Wir haben dieses Foto zum
Beginn unseres Workshops als Beispiel benutzt,
um einige Eigenschaften minimalistischer Fotos
kennenzulernen und Variationen selbst zu
fotografieren. Das Kertész-Foto enthält eine
große, wenig strukturierte helle Fläche (den
Tisch) als Hintergrund, links einen
angeschnittenen Teller mit Schatten, und darauf
eine angeschnittene Gabel (ebenfalls mit
Schatten). Oben rechts sieht man noch die
Tischkante in Form eines schmalen schwarzen
Streifens.
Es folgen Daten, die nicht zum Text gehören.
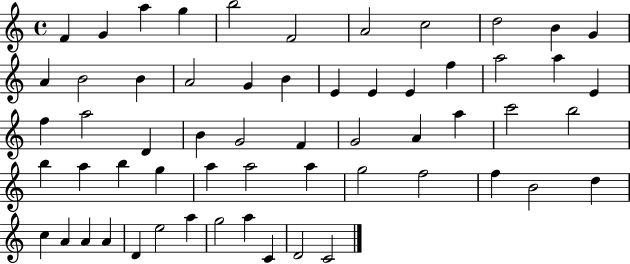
F4/q G4/q A5/q G5/q B5/h F4/h A4/h C5/h D5/h B4/q G4/q A4/q B4/h B4/q A4/h G4/q B4/q E4/q E4/q E4/q F5/q A5/h A5/q E4/q F5/q A5/h D4/q B4/q G4/h F4/q G4/h A4/q A5/q C6/h B5/h B5/q A5/q B5/q G5/q A5/q A5/h A5/q G5/h F5/h F5/q B4/h D5/q C5/q A4/q A4/q A4/q D4/q E5/h A5/q G5/h A5/q C4/q D4/h C4/h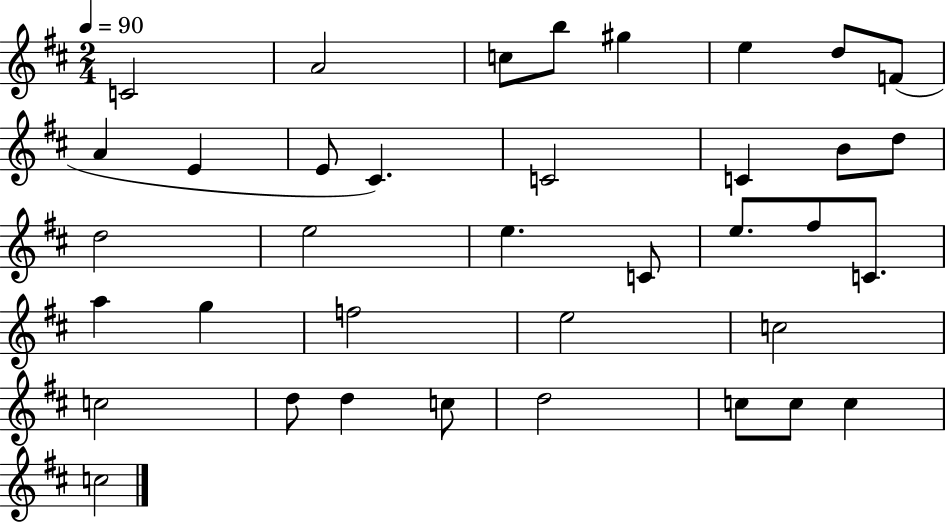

Die Workshop-Teilnehmer*innen konnten
zwischen 3 Aufgaben wählen:
1. das Foto mit eigenen Mitteln direkt
nachzumachen,
2. das Foto weiter zu minimalisieren (z.B. die
Anzahl der Bildelemente verringern, Helligkeit
und Kontrast variieren)
3. nicht das Bild selbst, sondern nur das Thema
„Gabel und Teller“ zu übernehmen und ein neues
minimalistisches Bild zu schaffen, in dem nur
Gabel und Teller erkennbar sind.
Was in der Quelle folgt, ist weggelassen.